Wednesday, February 17, 2010

More Govt regulation. WHY? Govt is too big now.

SupplementsToGO.com vigorously opposes the well-intentioned but misdirected “Dietary Supplement Safety Act of 2010” (S.3002) introduced by U.S. senators John McCain (AZ) and Byron Dorgan (ND). We believe it is poor legislation because the real solution is enforcement of current laws, not adding to the mountain of governmental regulations.

Tell your Senators not to co-sponsor or support this bill. Tell your congressional Representative not to co-sponsor or support any House version of this bill, which is expected to be introduced in the future.

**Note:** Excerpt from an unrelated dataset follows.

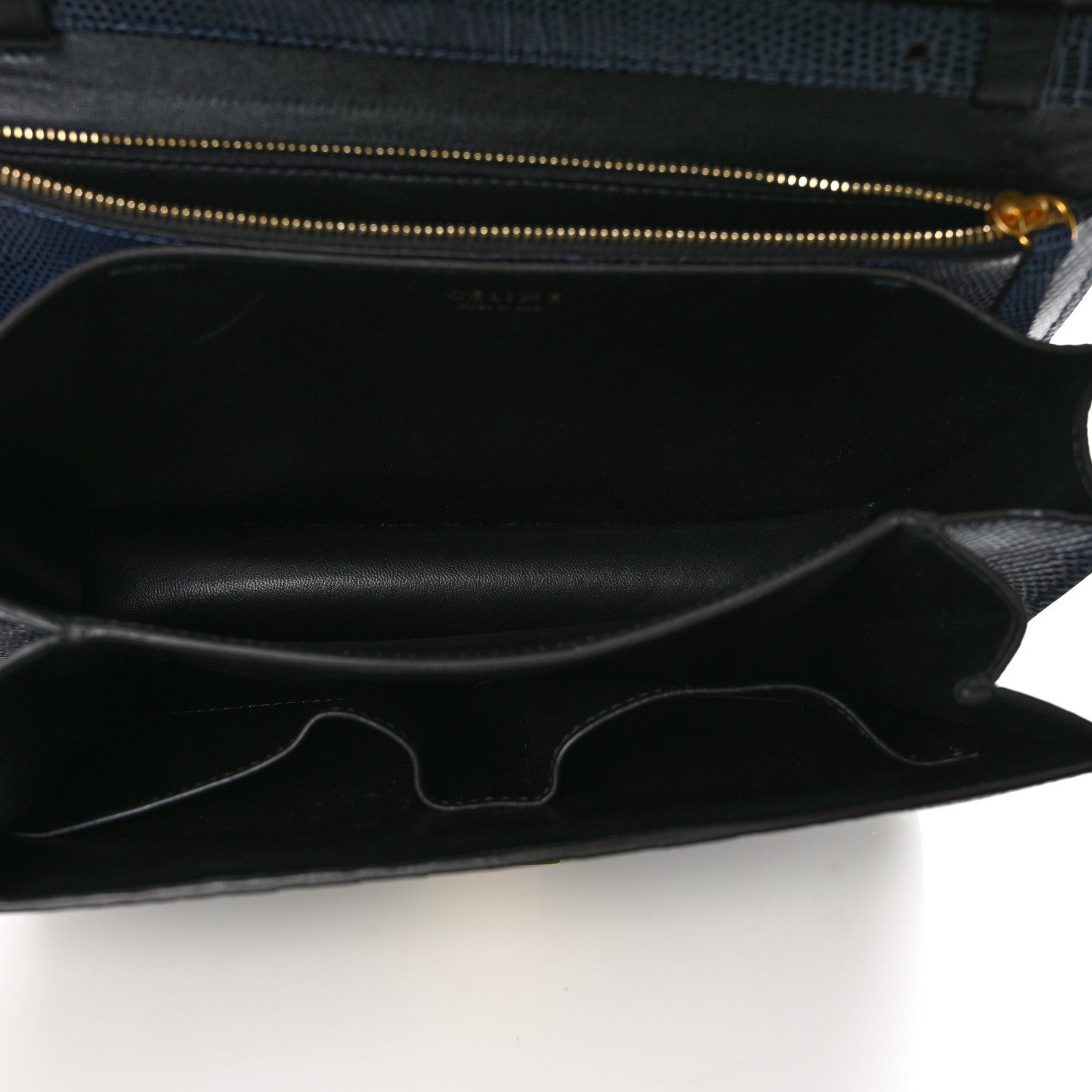Celine Lizard Medium Classic Box Flap Bag Navy 5 of 9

You may do this online via the Alliance for Natural Health (ANH) website at www.anh-usa.org/new_site/?p=2307

• We support current regulations promoting the safety of dietary supplements and encourage the FDA to go after lawbreakers.

• The FDA already has adequate legal authority to enforce federal laws, including DSHEA, the Anabolic Steroids Control Acts, and the mandatory reporting of all serious adverse events for both dietary supplements and OTC drugs.

• But this bill targets controlled substances that the FDA says are actually drugs, which are not defined as dietary supplements under current law. It makes no sense to add more regulations to control dietary supplements when the stated purpose is to rein in already illegal mislabeled/unapproved drug products.

• Dietary supplement manufacturers already are registered with the government because existing bioterrorism regulations require this of all food manufacturers.

• Supplement label information is already available in the public domain of the marketplace and the Internet, and there are already legal requirements that documentation of all label claims be submitted to the FDA and that all product labels be accurate.

• Mandatory recall authority is already part of the Food Safety bill expected to pass Congress soon.

• While current law requires pre-market submission of all new ingredients to the FDA, this new bill would require dietary supplement manufacturers to use only ingredients appearing on an officially approved list and to seek approval for all new formulas. This model resembles the highly restrictive Canadian regulatory scheme that in 5 years has approved only 16,000 out of 42,000 product license applications and caused some American manufacturers to pull out of the Canadian market, forcing many Canadians to cross the border to buy certain multivitamins and other supplements here and smuggle them back home. Some safe products now sold freely in the U.S., like healthy vegetable oil capsules, have languished in the Canadian bureaucracy for over 4 years and are just now getting preliminary approval to submit product license applications.

• This bill would needlessly expand the federal government’s power and increase FDA bureaucracy and budgets, negatively affecting all law-abiding manufacturers of dietary supplements and tens of thousands of retail stores nationwide, leading to far fewer available products and higher consumer prices.

• This bill would strangle a successful market that grew and added jobs and exports during the current recession, helping Americans meet basic nutritional needs in a cost-effective manner that did not require government funding and may have actually decreased some Medicare spending, according to the conclusions of Lewin Group reports.

• This bill would start to harmonize US dietary supplement laws with unpopular CODEX rules, European Union and Canadian regulations that have historically restricted access to safe dietary supplements that have long been available in the U.S. This would force aggressive and unpopular foreign regulatory schemes on unwilling American citizens, instead of simply enforcing current laws that already prohibit unlabeled performance-enhancing drugs and mislabeled or adulterated dietary supplements.